Start of Supplied material

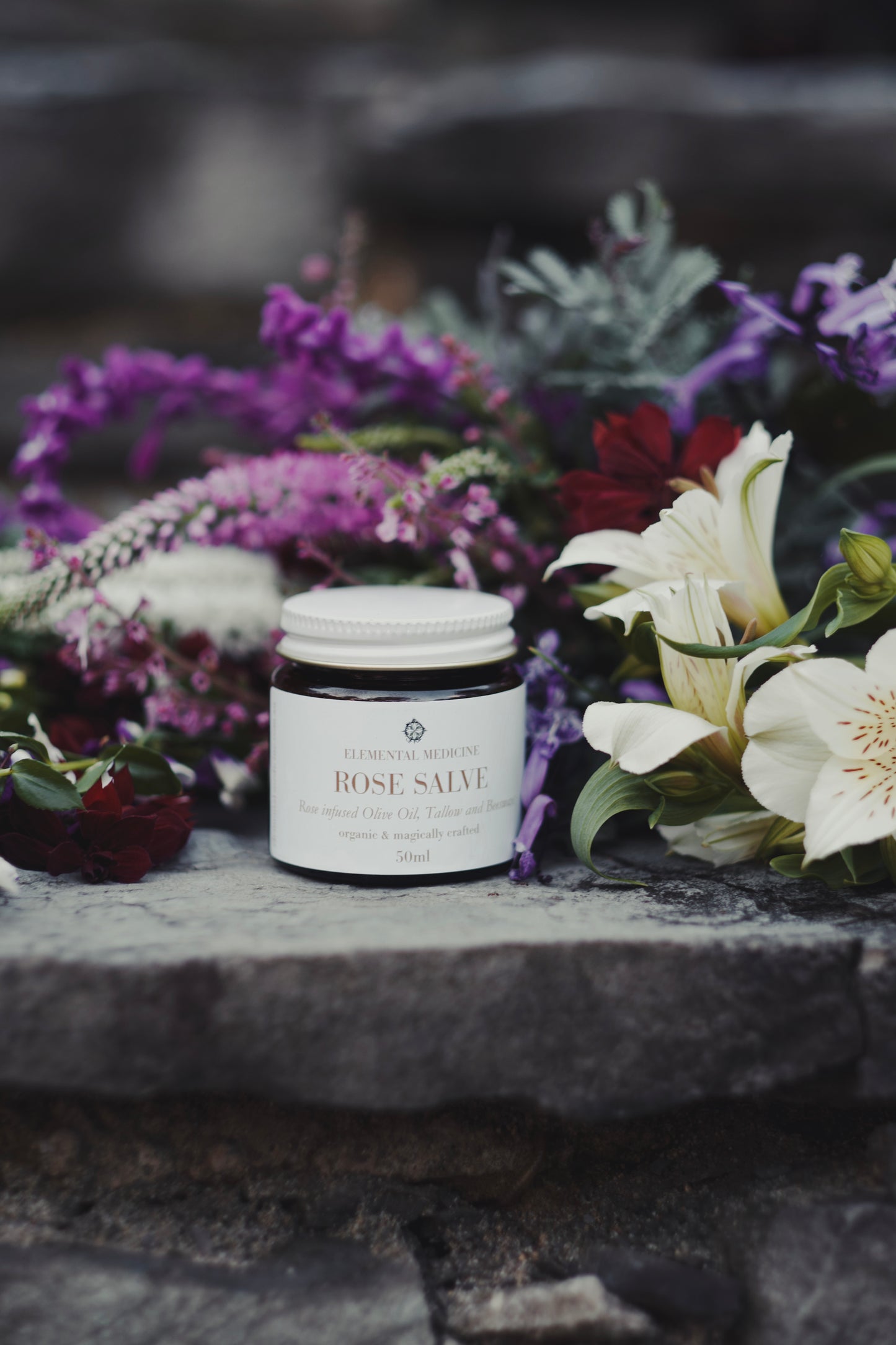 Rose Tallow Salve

End of Supplied material
Start of Supplied material

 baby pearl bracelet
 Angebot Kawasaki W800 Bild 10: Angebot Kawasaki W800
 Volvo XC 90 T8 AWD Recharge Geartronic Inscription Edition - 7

End of Supplied material
Start of Supplied material

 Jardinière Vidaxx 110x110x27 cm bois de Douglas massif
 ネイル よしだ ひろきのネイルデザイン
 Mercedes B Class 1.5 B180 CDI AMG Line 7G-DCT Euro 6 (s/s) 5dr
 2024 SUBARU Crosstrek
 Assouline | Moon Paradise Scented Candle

End of Supplied material

▸ Task details
Print, from the entries above, the line with "baby pearl bracelet", the line with "Volvo XC 90" and all lines between them, exactly and with nothing else.

▸ Reply
 baby pearl bracelet
 Angebot Kawasaki W800 Bild 10: Angebot Kawasaki W800
 Volvo XC 90 T8 AWD Recharge Geartronic Inscription Edition - 7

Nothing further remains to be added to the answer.